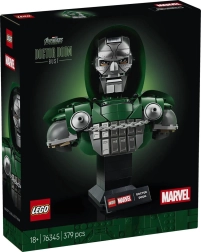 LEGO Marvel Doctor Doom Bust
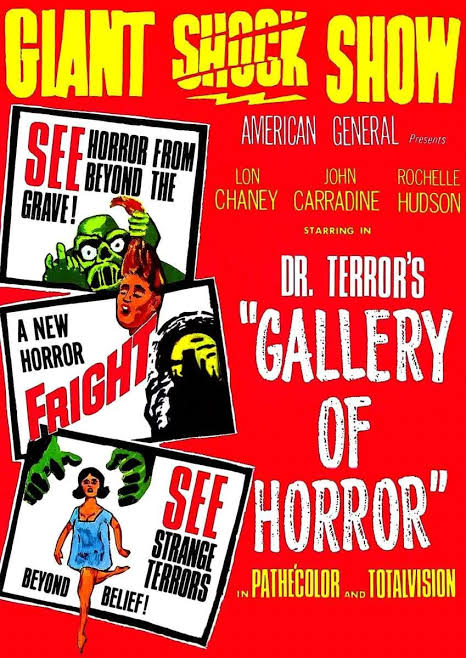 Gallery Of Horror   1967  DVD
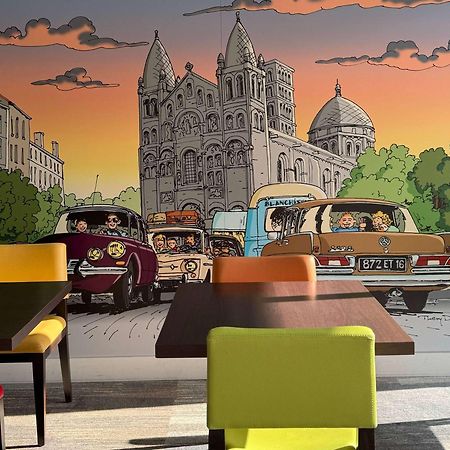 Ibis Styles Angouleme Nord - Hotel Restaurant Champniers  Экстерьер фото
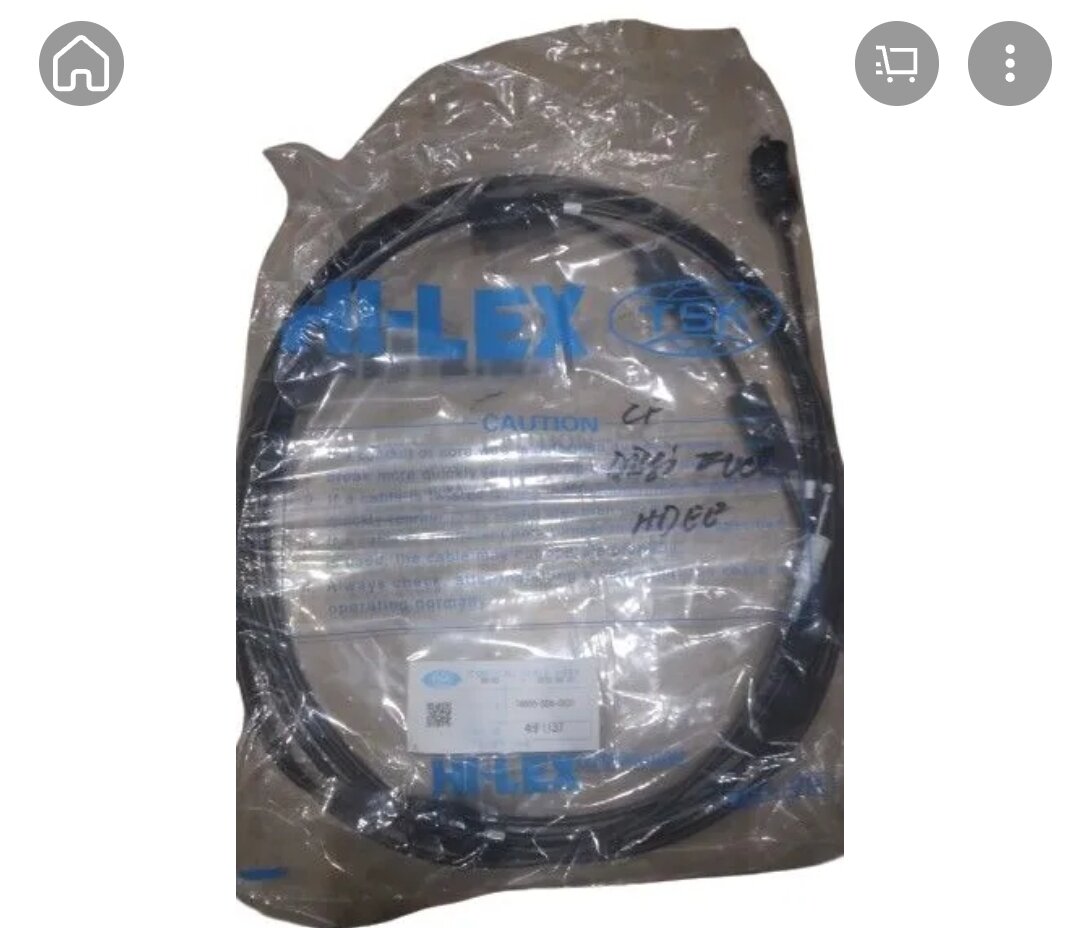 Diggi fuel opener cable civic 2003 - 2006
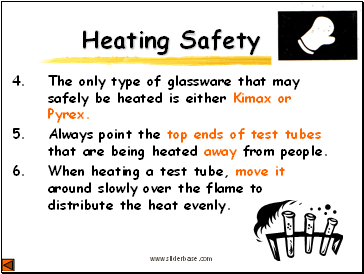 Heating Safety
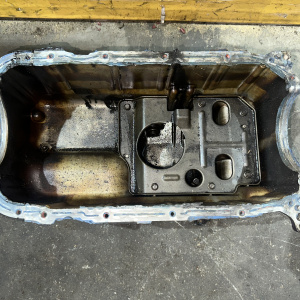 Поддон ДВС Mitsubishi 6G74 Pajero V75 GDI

━━━━━━━━━━━━━━━━━━━━━━━━━━━━━━

* Aim of the exercise: Print the entire listing above verbatim. No picture should be included.

* Response below:
 LEGO Marvel Doctor Doom Bust
 Gallery Of Horror   1967  DVD
 Ibis Styles Angouleme Nord - Hotel Restaurant Champniers  Экстерьер фото
 Diggi fuel opener cable civic 2003 - 2006
 Heating Safety
 Поддон ДВС Mitsubishi 6G74 Pajero V75 GDI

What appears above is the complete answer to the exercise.